To start, I have a bunch of questions about Docker. It seems to me it’s a tool one could make central to your computing set-up, for the purpose of both having reproducible projects, maintaining a general computing setup across machines, and quickly firing up cloud assets when you need them. Here goes:

  • Let’s say I have a Dockerfile that describes my general computing setup, meaning that it has a lot more stuff than I need for one project: It has R/RStudio, Anaconda/Jupyter, node.js, a bunch of assorted command line and connectivity tools, custom pandoc templates, dotfile configurations, and files with API keys, etc. Each custom part might be in GitHub repos, but in general I want this setup ready to go, and quickly portable in case I decide I want to move to a more powerful machine, move to work offline, my hardware fails or I lock myself out of my office. What should be my workflow for keeping it updated? How do I store the image so I can quickly fire it up on either my laptop, my powerful headless server, or a cloud asset?

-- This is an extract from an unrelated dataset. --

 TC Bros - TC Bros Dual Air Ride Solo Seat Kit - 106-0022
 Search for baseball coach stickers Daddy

  • For a project, I might have a Dockerfile that fires up the minimal setup for that analysis. If my project is, say, organized as an R package on Github, how and where should I store its associated Dockerfile? What should be in the Dockerfile? (For instance, should packages be there, or in something like Packrat?). Should I strive to use generic docker images available elsewhere?

  • I think of my general work interface into a working Machine as a terminal via SSH, plus a browser with RStudio or Jupyter notebook. If the machine is a Docker image, local or remote, would this be any different?

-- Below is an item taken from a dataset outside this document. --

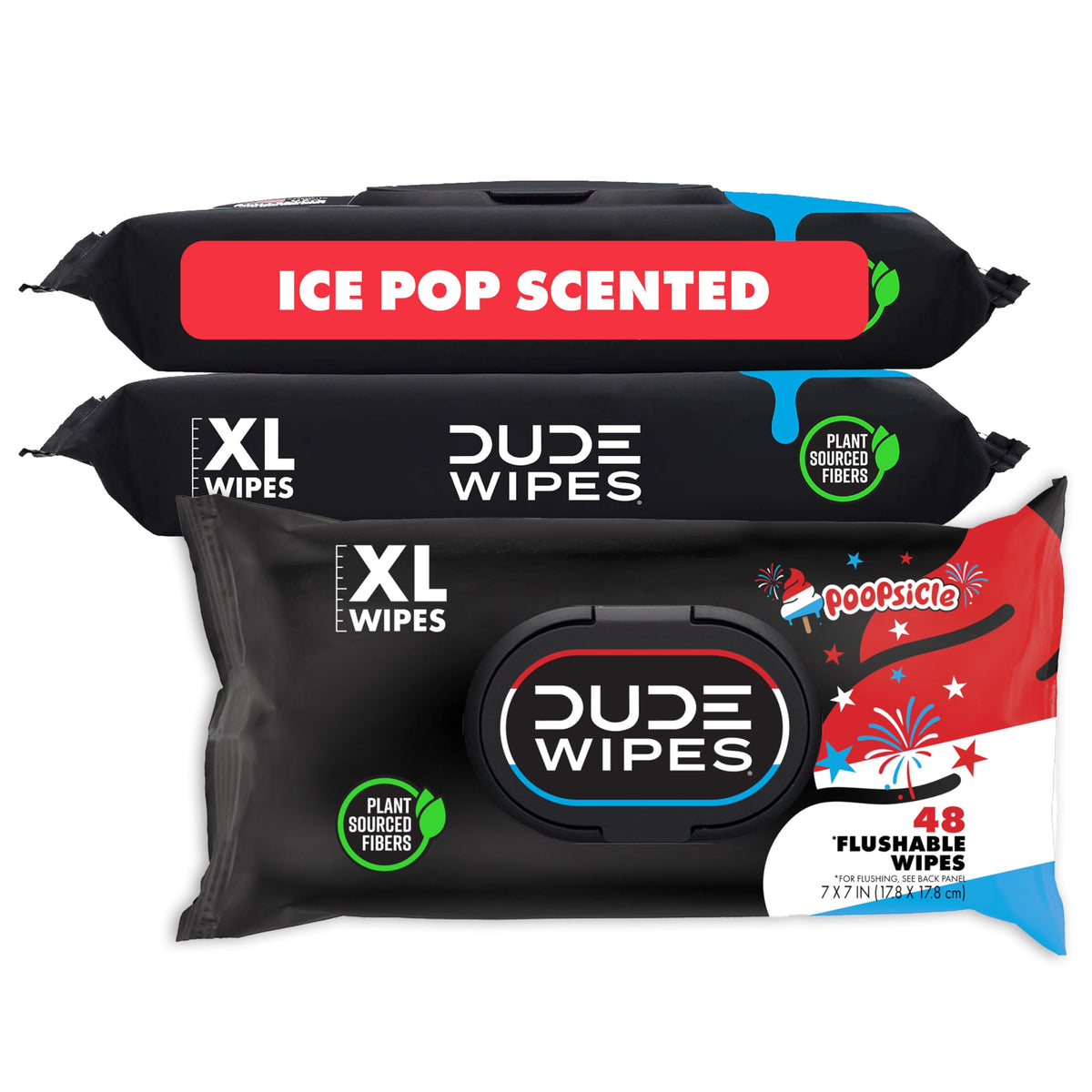 DUDE Wipes Morning Grind Adult Flushable Wipes, Coffee Scented, 144 Count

  • There’s another workflow in which the whole Docker image is fired up, runs some simulation or analysis, and returns the results and shuts down. When do you use this, how does it work?

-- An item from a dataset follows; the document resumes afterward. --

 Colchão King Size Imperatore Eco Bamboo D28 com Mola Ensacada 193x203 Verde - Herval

  • What research-related content doesn’t live inside this ecosystem? Like, there’s no need to keep your PDFs in all this.

  • Most collaborators aren’t going to know anything about this stuff. Does this type of approach introduce any new friction when working people with a less computational bent? And oh yeah, data. I’ll be doing a lot more work where I need to share data on others’ terms. Where do you keep data in all this?

Other little things:

  • Should I use Vagrant on my OSX laptop so I can have Ubuntu as my common Docker OS rather than Tiny Core OS?
  • How do you use Docker with, or in lieu of, Travis-CI and related services and tasks?

#2

Hi Noam, folks,

Noam, thanks for kicking this off, I think you raise a bunch of good
questions here. Hope some are of interest to others as well, I think folks
should chime in with other opinions, could be addressed by other tools, or
just to point out where something needs more clarification as to what the
heck we’re talking about. Also a disclaimer that there’s lots of different
ways to use docker in general, which may be a strength but also leads to a
lot of confusion about what it is and what it’s good for. Others may use
it in very different ways or contexts, but I think it’s a good discussion
to have.


#3

Let’s say I have a Dockerfile that describes my general computing setup,
meaning that it has a lot more stuff than I need for one project: It has
R/RStudio, Anaconda/Jupyter, node.js, a bunch of assorted command line
and connectivity tools, custom pandoc templates, dotfile configurations,
and files with API keys, etc. Each custom part might be in GitHub
repos, but in general I want this setup ready to go, and quickly
portable in case I decide I want to move to a more powerful machine,
move to work offline, my hardware fails or I lock myself out of my office.
What should be my workflow for keeping it updated? How do I store the
image so I can quickly fire it up on either my laptop, my powerful
headless server, or a cloud asset?

Hosting the image on Docker Hub is probably the best way to go. You get one
private image slot free; though it’s pretty easy to set up your own
’docker registry’ (which is open source, like docker itself) on your own
server. This is pretty analogous to putting git on a server – the
open source registry software has no web front end, but it makes it easy
to host as many private images as you like (or can fit on a server).
Transferring via the Hub or private docker registry is almost always
faster and easier than moving the image around as a tar ball or anything
else.

My suggestion is to build the image based on
existing images maintained by someone else. I find it easier to have a
few different images for different major software (e.g. an R/RStudio
image based on the rocker project and a separate Python/Juypter image
based on their official images), but that’s a matter of taste, and might
be more of a nuisance if you want the same private data to available on
each image. Most of my images are primarily software, and the data I
pull from git/github, or by linking local volumes that have data. Your
kitchen sink approach has the elegance of simplicity over my approach
– since pulling from git (using credentials passed as env vars) is an
extra step, and linking local volumes is obviously less portable. I’m
still deciding what I like best myself. One advantage of my approach is
it has a bit more clean isolation between the image needed to provide
the software environment which you might want to share with others,
while keeping any private data securely off the image. I’ve also had
success linking ‘volume containers’ to provide the private data part
while still being portable.

The best way to keep an image updated, I find, is to always use it, whether working locally or
not. How to “keep it updated” is really quite a few different topics.
The first bifurcation point here is regarding docker commit.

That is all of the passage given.